» **Task to carry out**: Restate word for word the part of the material that runs from the line containing "Ritron Quick Assist RQA-451 Owner's Manual" through its final line, inclusive, minus the pictures.

» **Provided material**:
■ ■ ■ ■ ■

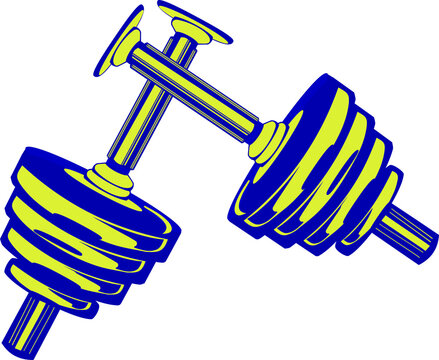 Fototapeta Flat vector showing two green and blue adjustable dumbbells, weight plates on transparent backdrop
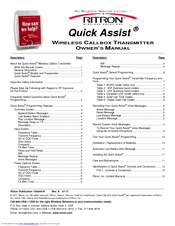 Ritron Quick Assist RQA-451 Owner's Manual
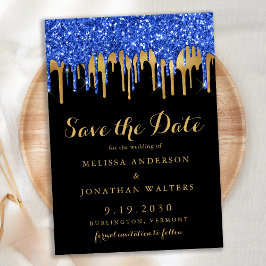 Elegant Blue Black Gold Glitter Drift Weddenschap Save The Date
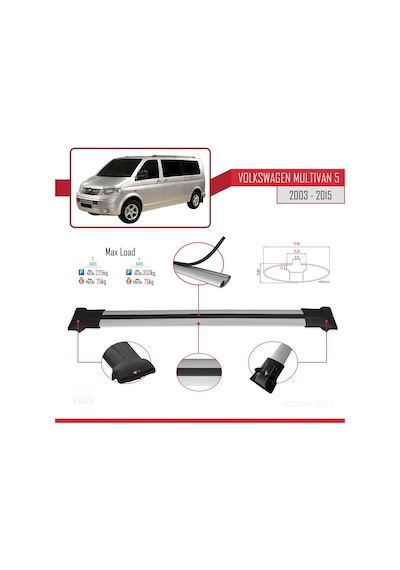 Volkswagen Multivan T5 2003-2015 Arası İle Uyumlu Fly Model Ara Atkı Tavan Barı Gri 4 Adet Bar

■ ■ ■ ■ ■

» **Result for this exercise**:
 Ritron Quick Assist RQA-451 Owner's Manual
 Elegant Blue Black Gold Glitter Drift Weddenschap Save The Date
 Volkswagen Multivan T5 2003-2015 Arası İle Uyumlu Fly Model Ara Atkı Tavan Barı Gri 4 Adet Bar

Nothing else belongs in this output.